Problems with using Acrobat to create tagged PDF files from scans

(I didn’t do screenshots when I tested on MacOSX yesterday, so no screenshots for now. This will be fixed later, but seriously, Adobe need to recommit to releasing Acrobat and/or Reader on Unix, or at least make sure Reader DC’s installer work under Wine. The status quo is unacceptable.)

Since Acrobat CC and Reader DC are really the only tools for creating tagged PDF files from a scan, yesterday I decided to see how well they actually work. (What I used was Acrobat CC on a recent MacOSX, with VoiceOver for testing. The scan was of low quality but sometimes this is what people have to work with.)

Many obvious, major problems surfaced almost right away:

  • The relevant panels and toolbars were difficult to find. You have to google to figure out where to even look.
  • Creating a tag tree will cause OCR. The result contained lots of errors, but there’s no obvious way to fix any.
  • Acrobat made many reasonable guesses at the document structure, but also many bad ones. Some could have been easily fixed by removing container elements but keeping their contents in place, but there’s no obvious way to do this.
  • Structural errors (including the above) can often be fixed by rearranging tags, but drag-and-drop is the only way to reorder tags, and your tags more often than not end up being dropped at unpredictable locations – even if you’re very careful. In other words, Adobe’s official workflow doesn’t actually work.
  • The document object model doesn’t seem to be inconsistent; you can type over the errors in the Content (“TURO”) view, but the errors remain uncorrected in the Tags view (or as revealed by reading the actual PDF with an actual screen reader).
  • When you finally found out how you’re supposed to correct OCR errors, you’d realize the automatic OCR performed by the Tags editor did not create any layers, so you’d have to redo the OCR even though it had already been done.
  • You’re given only one chance to correct “possible” OCR errors — those that Acrobat automatically identifies as “suspects”. If you made an error when correcting, too bad, you’ll have to start the OCR process all over again: There is no Undo.
  • There’s no way to correct OCR errors Acrobat fails to even identify as “suspects”.
  • The contents fields in a tag produce no observable effects; they don’t override anything.
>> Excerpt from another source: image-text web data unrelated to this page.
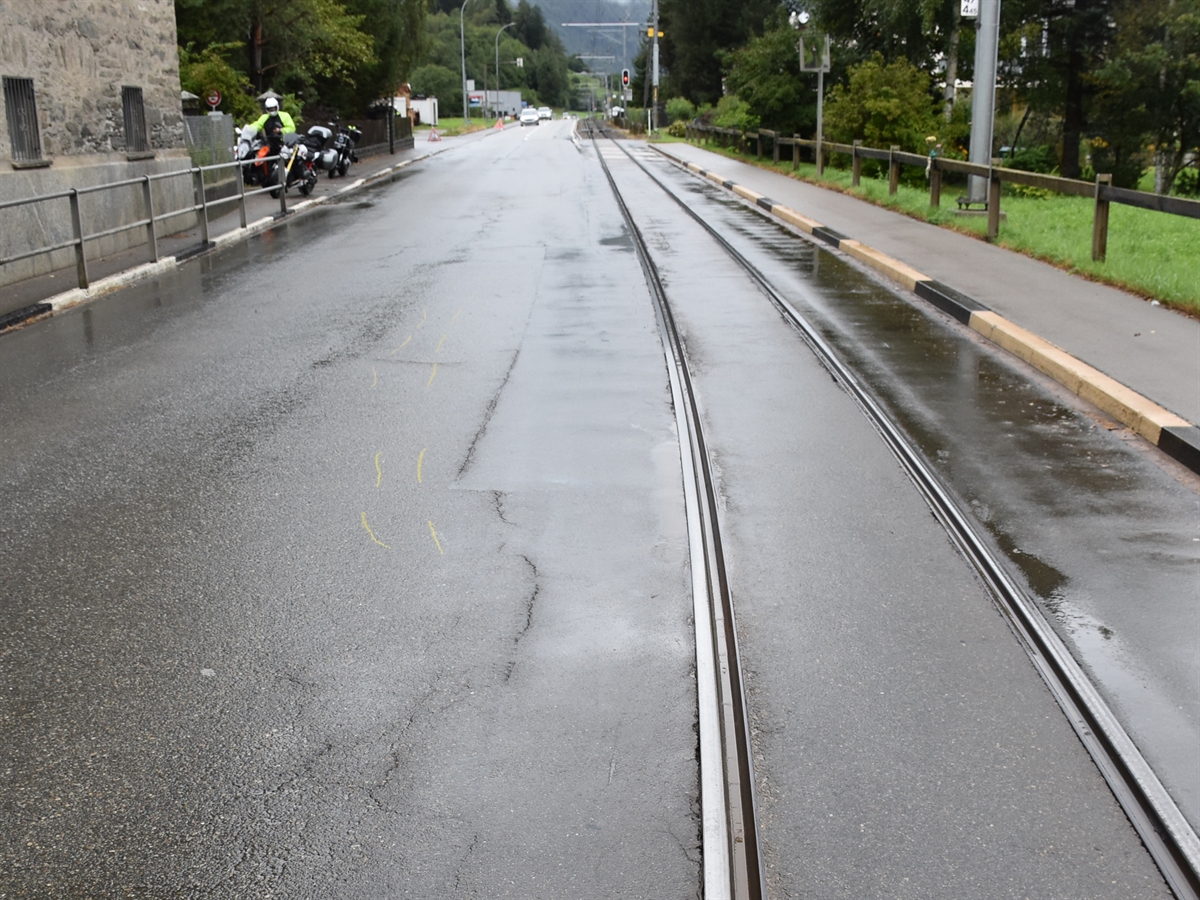 Die Nasse Fahrbahn in Le Prese mit der Gleisanlage auf der rechten Fahrbahnhälfte.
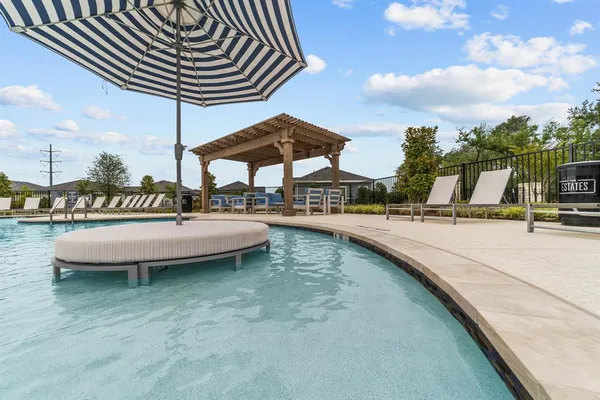 a view of swimming pool with outdoor seating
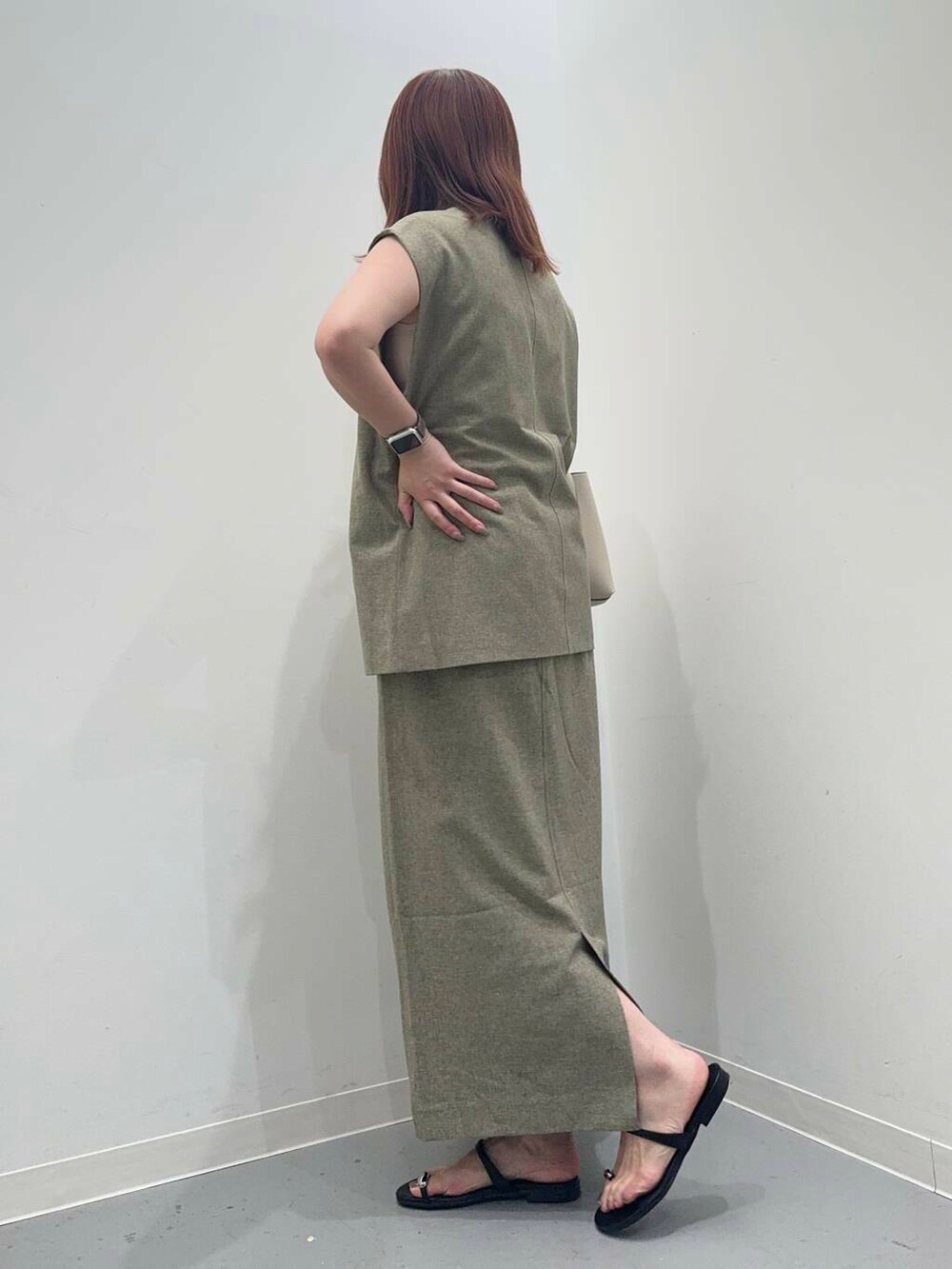 ホワイト系のトートバッグ、ブラック系のサンダル、グリーン系のベストを着用したレディースの夏コーディネートの2枚目の写真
I’ll elaborate on these later, but I’m shocked this is the kind of tool we are forced to work with if we need to “remediate” a PDF file — pretty much unusable if you asked me.

(MM told me when he had to PDF remediation he ended up re-creating almost everything, and AW said my complaints are her daily complaints. I can totally empathize. If I end up doing this kind of work, InDesign will likely end up being a major part of my workflow as well.)